参考:東京都港区 「家庭から出る粗大ごみの出し方」(入手日付2024-01-05)

買取業者に売却する

事業所などで大量に鉄くずを排出した場合は、買取業者に売却が可能です。

鉄くずはリサイクルできるため、専門業者による買取が行われています。近くの買取業者に持ち込みできるかどうか確認してみましょう。近くに買取業者がない場合は、出張買取している事業者に依頼するとよいでしょう。

売却すると処分費用が不要なだけでなく、鉄くずを現金化できます。買取価格は事業者や相場によって変わりますが、1kg当たり20〜40円程度です。例えば400kgの鉄くずであれば8,000〜16,000円程度で売れる計算です。

ただし、持ち込みでなく回収を依頼する場合は、収集運搬費用が買取価格から差し引かれる場合もあるため、差し引きでいくらになるのか事業者に確認しておきましょう。

また産業廃棄物の金属くずに該当する場合、事業者が産業廃棄物の取り扱い許可を所持しているかどうかも要チェックです。許可を持たない事業者に依頼すると法律違反となり、罰則が科される可能性もあるため注意してください。

参考:e-Gov法令検索「廃棄物の処理および清掃に関する法律(第二十五条第一号)」(入手日付2024-01-05).

不用品回収業者に依頼する

不用品回収業者に鉄くずの回収を依頼するのも処分方法の一つです。

例えば「鉄くずだけでなく、プラスチックごみが混ざっている」「鉄くずだけでなく、他の不用品も処分してもらいたい」などのケースでは、不用品回収業者への依頼を検討するとよいでしょう。

不用品回収業者は鉄くずだけでなく、あらゆる種類の不用品を回収してくれます。依頼すると分別の必要もありません。収集から運搬までを不用品回収業者のスタッフに任せればよいため安心です。

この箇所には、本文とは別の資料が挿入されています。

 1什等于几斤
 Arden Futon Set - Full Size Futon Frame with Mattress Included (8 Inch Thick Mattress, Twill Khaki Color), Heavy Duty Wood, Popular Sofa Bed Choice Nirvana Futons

ただし、買取と違って回収費用を支払う必要があります。回収費用は事業者によって異なるため無料見積もりをしてくれる回収業者に依頼するのがおすすめです。複数社の見積もりを比較して、納得できる料金で回収してもらえる事業者を見つけてください。

鉄くずを処分する際の注意点3つ

鉄くずの処分には注意すべきポイントもあります。主な注意点は以下の3つです。

● 危険性を確認して適切に処分する
● 家電リサイクル法対象の鉄くずは自分で処分できない
● 会社で出た鉄くずは産業廃棄物になる

それぞれの注意点を詳しく見ていきましょう。

危険性を確認して適切に処分する

鉄くずの中には適正に処分しないと危険が伴うものもあります。例えば以下のようなものです。

● カセットボンベ・スプレー缶
● 包丁・ハサミ・カミソリ・金串・刃物が付いた工具など
● 塗料缶・オイル缶

以前は家庭用カセットボンベやスプレー缶は、穴を開けてから処分するのが一般的でした。しかし、誤った方法で穴を開けると事故を招く恐れがある点から、環境省の通達により、近年は多くの自治体で処分方法が変更されています。

新たなルールではスプレー缶や家庭用カセットボンベに穴を開けず、中身が見える袋に入れて「危険」と表示した上で集積所に出す方法が一般的です。自治体によってルールが異なるため、お住まいの市区町村のルールを確認しておきましょう。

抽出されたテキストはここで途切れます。